The editors of Experiments in Empathy: Critical Reflections on Interreligious Education have assembled a volume that spans multiple religious traditions and offers innovative methods for teaching and designing interreligious learning. This groundbreaking text includes established interreligious educators and emerging scholars who expand the vision of this field to include critical studies, decolonial approaches and exciting pedagogical developments.
The book includes voices that are often left out of other comparative theology or interreligious education texts. Scholars from evangelical, Muslim, Catholic, Protestant, Jewish, religiously hybrid and other background enrich the existing models for interreligious classrooms.

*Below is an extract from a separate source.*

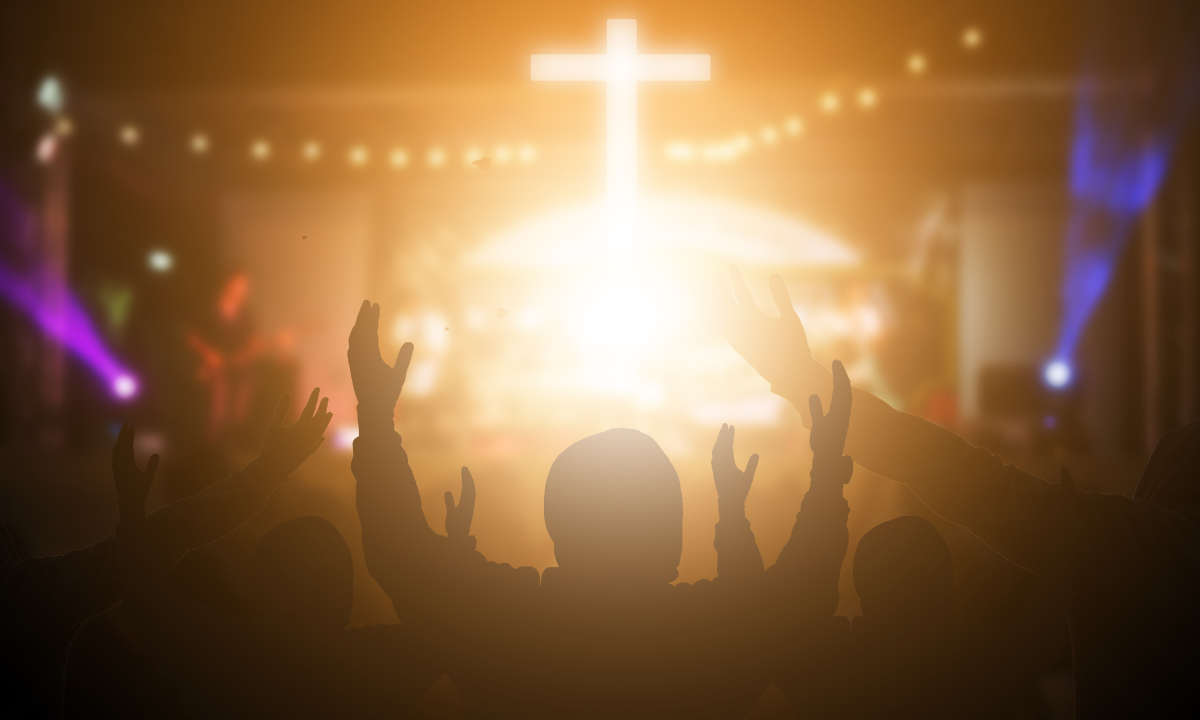 Person raising hands in worship before a cross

The book is particularly relevant at a time when religion is so often harnessed for division and hatred. By examining the roots of racism, xenophobia, sexism and their interaction with religion that contribute to inequity the volume offers real world educational interventions. The content is in high demand as are the authors who contributed to the volume.

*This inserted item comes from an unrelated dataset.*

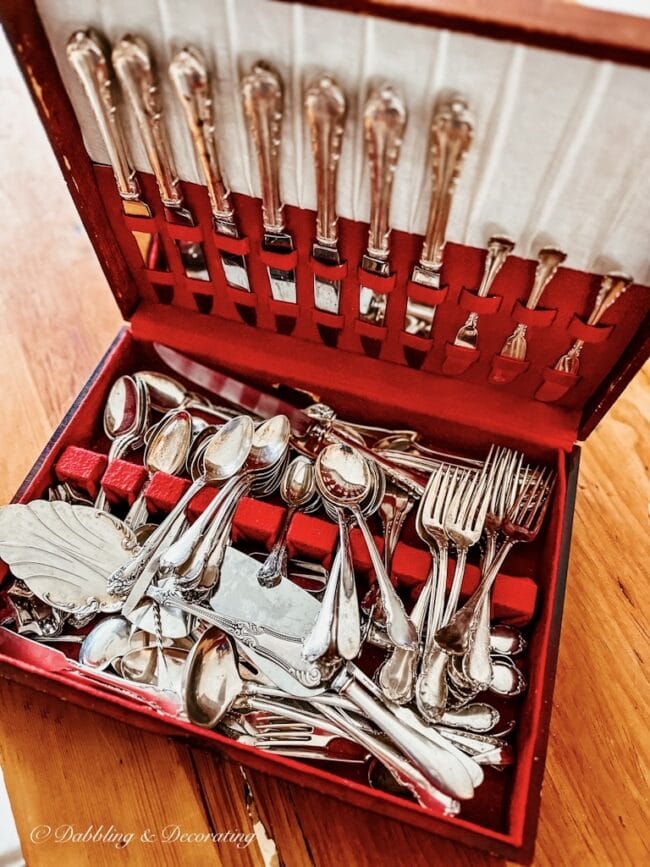 red box with vintage silverware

Contributors are: Scott Alexander, Judith A. Berling, Monica A. Coleman, Reuven Firestone, Christine Hong, Jennifer Howe Peace, Munir Jiwa, Nancy Fuchs Kreimer, Tony Ritchie, Rachel Mikva, John Thatanamil, Timur Yuskaev.

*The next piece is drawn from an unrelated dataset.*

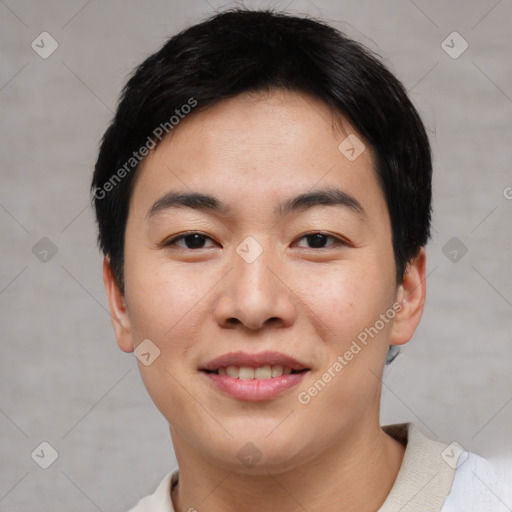 Joyful asian young-adult male with short  black hair and brown eyes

Najeeba Syeed, J.D. (2000), Indiana University is Associate Professor of Interreligious Education at Claremont School of Theology . She has published articles, essays, and book chapters on interreligious learning, interfaith just peacemaking and religion and politics.
Heidi Hadsell, Ph.D, University of Southern California. Heidi Hadsell is president emeritus and professor of social ethics at Hartford Seminary. She also served as dean of McCormick Theological Seminary in Chicago and as Director of the Ecumenical Institute of the World Council of Churches, in Geneva, Switzerland. Hadsell is widely published on ecumenism, environmental ethics, interreligious relations, and the public role of religion in society.
An interfaith relation that is based on emphatic co-learning, drawing inspirations from various religious traditions in co-creating interfaith education in the service of shared humanity and spirituality. A remarkable collection of thoughts and experiences from academics, educators, practitioners and activists in interfaith dialog and relations. - Dr Mohammad Hannan Hassen, Vice Dean, MUIS Academy, Singapore
This new volume provides the reader with a rich and nuanced portrait of the current landscape of interreligious education In the United States. The contributors model for us the power and promise of reflective practice in a rapidly-developing field. - Rabbi Or Rose, Director, The Miller Center for Interreligious Learning & Leadership
Many experts believe that the global religious landscape will change significantly in the next forty years and in North America, demographic changes will continue to increase the religious diversity of its population, creating more religious identities and communities than ever before. The classrooms will become even more religiously diverse in the foreseeable future, and this trend will continue to pose challenges and offer opportunities for theological schools in North America. But there aren’t enough attention and resources to improve inter-religious literacy. The editors of this book did a great job assembling a diverse group of contributors reflecting on interreligious education and pedagogy in North America, and it is indeed a timely contribution that will advance the conversation, help faith leaders to become more literate on this issue, and introduce to the general public the need for interreligious learning for empathetic engagement in our world today. - Uriah Y. Kim, Dean and Vice President for Academic Affairs, Graduate Theological Union, Berkeley.
All interested in interreligious education, interfaith movement, comparative theologies, religious education, religion and politics will find Experiments in Empathy of great use and interest.